建築節能 ； 隔熱膜 ； 耐候性能 ； Building Energy Saving ； Solar Coated Film ； Weather-resistance Performance

建築學報

72_S期（2010 / 06 / 01）

73 - 86

繁體中文

玻璃建材影響建築物耗能所佔的比例相當大，因此世界各國均在推行節能玻璃標章，以鼓勵使用節能效益較高的玻璃建材。然而，新的節能玻璃材料大多被應用在新建的建築物上。考量成本效益，既有玻璃帷幕建築的節能改善策略是在玻璃內側塗裝隔熱膜。根據相關文獻證實，隔熱膜的貼附會使得室內側的玻璃表面溫度過高，造成靠近玻璃周圍的熱舒適度降低。因此本文首先利用小型熱箱法探討鍍膜面朝室內外側對玻璃表面溫度的差異；並且利用鉛筆硬度、耐磨耗性、耐酸鹼性以及碳弧燈加速老化曝曬等實驗，研究鍍膜面放置在室外側的耐候性能，本文最終目的是評估將玻璃的鍍膜面朝室外側之可行性。由實驗結果顯示，鍍膜面放置在室外側會使得室內側表面溫度比鍍膜面放置在室內側的表面溫度降低約10℃。但是直接將隔熱膜貼附在玻璃室外側無法通過耐候性測試。本研究最後發展出在鍍膜面外層再塗附一層TiO2光觸媒薄膜，因TiO2光觸媒薄膜受光照硬化以及親水自潔淨的特性，使得產品不僅具有節能玻璃的特點，更具備超越CNS標準之耐候特性。

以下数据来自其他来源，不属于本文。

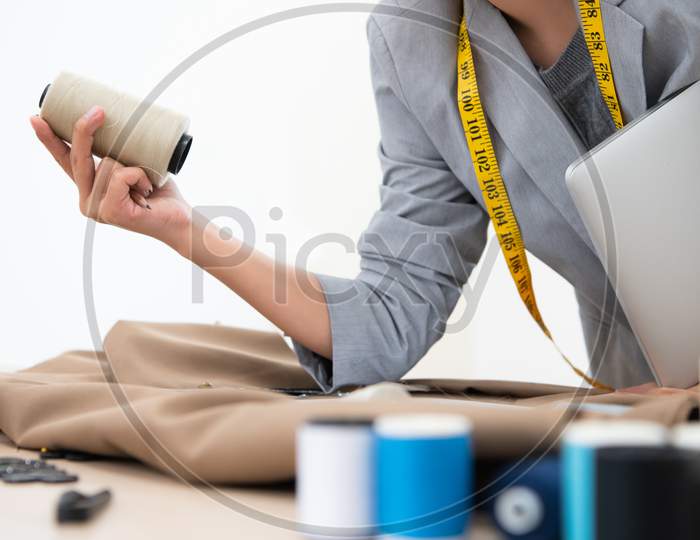 Closeup Of Dressmaker Hand Holding Spool Of Thread Stylist Designer In Business Owner Workshop. Tailor And Sewing Concept. Portrait Of Happy Casual Trendy Fashion Designer Businesswoman In Studio
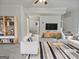 Bright living room with neutral walls, plush carpet, and modern decor at 483 Fairlane Nw Cir, Atlanta, GA 30331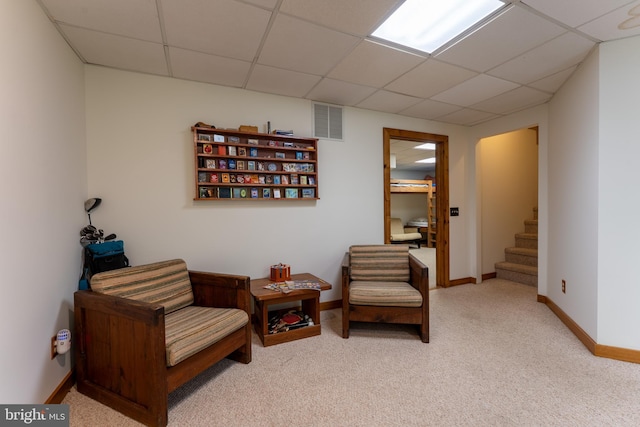 969 Hoyes Run Rd, Oakland, MD 21550 - living area featuring a paneled ceiling, carpet, stairs, and baseboards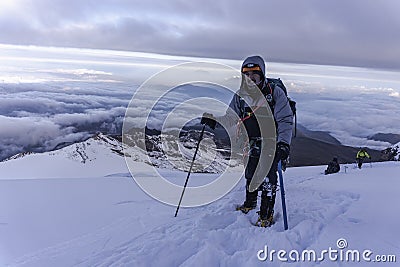 Close up hiker portrait on snowfield and mountain background Stock Photo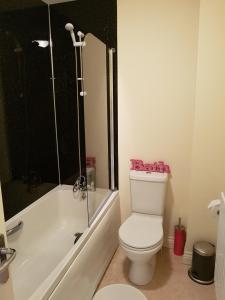 uma casa de banho com um WC, um chuveiro e uma banheira em Livingston 4 bedroom townhouse em Livingston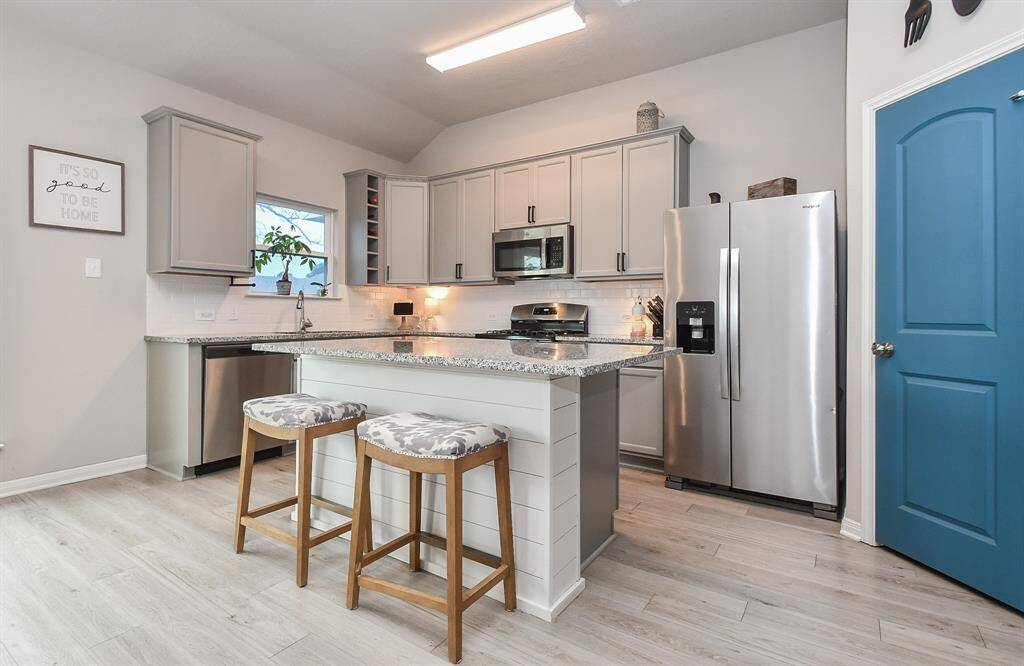 The space features light gray cabinetry with black hardware, stainless steel appliances, and a white subway tile backsplash.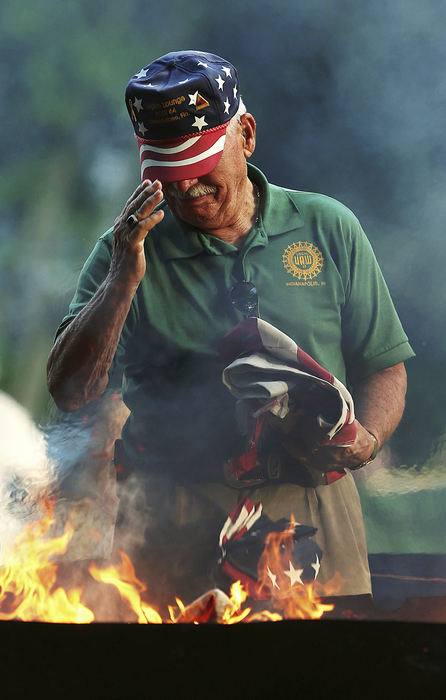 Feature - 2nd place - Ernie Wayman, an army veteran of the "Hell on Wheels" second armored division, offers a flag to be properly incinerated at Southport's annual flag retirement ceremony at Southport Park, Indianapolis on Flag Day. (Jenna Watson / Kent State University)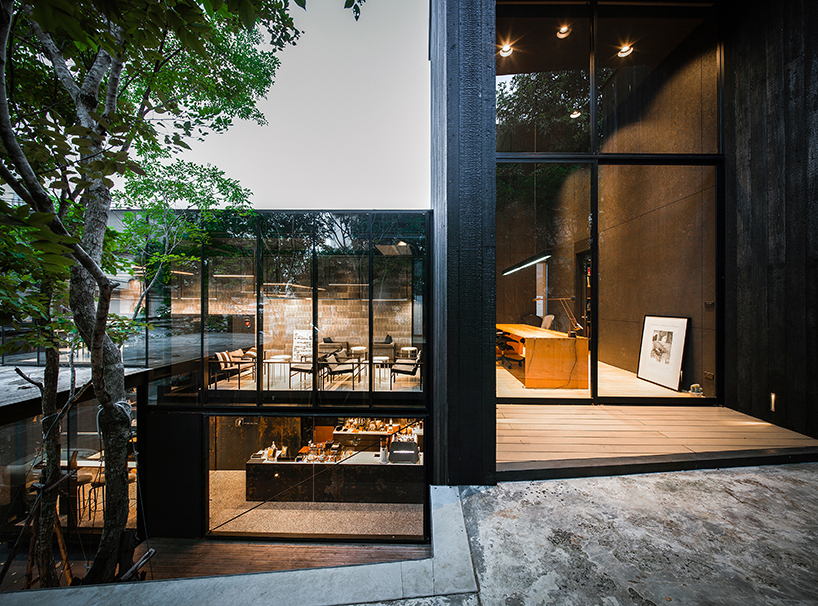 black timber cladding envelops IDIN architects' tranquil office space in bangkok designboom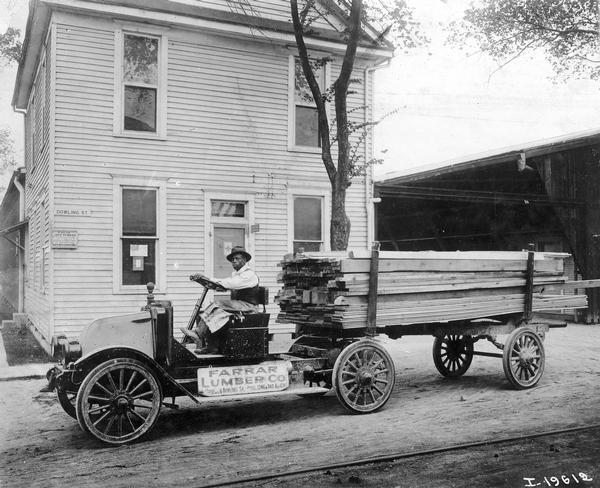 African American driver delivering a load of lumber with an International Model H semi-truck. The truck was owned by Farrar Lumber Company. The company was established by Roy Montgomery Farrar (1870-1943).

As well known, solar heat gain via fenestration contributes to a significant proportion of the building envelope cooling load. Therefore, many countries have the window energy rating label system to prompt the consumers using the approved energy-saving window material, currently. However, it is not feasible to retrofit all window glazings in the existed building based on cost consideration. To reduce the energy expenditures in the existed building, adhere the solar control film on the window glass were more often used. Literature survey in this work revealed that the higher interior surface temperature on glass due to the film absorption of solar radiation, resulted in the decrease on thermal comfort index. This research project was initiated to evaluate the thermal performance and durability of glass with film faced on outside environment. The experimental results indicated that the surface temperature on glass with film faced the exterior was lower 10℃ than that on glass with film faced the interior. On the other hand, the glass with solar coating film faced the exterior can not pass the durability test and accelerated aging test. In order to meet the specifications of durability tests, and have the excellent thermal performance, the proposed glass doping TiO2 photocatalyst layer outside solar film was developed in this study.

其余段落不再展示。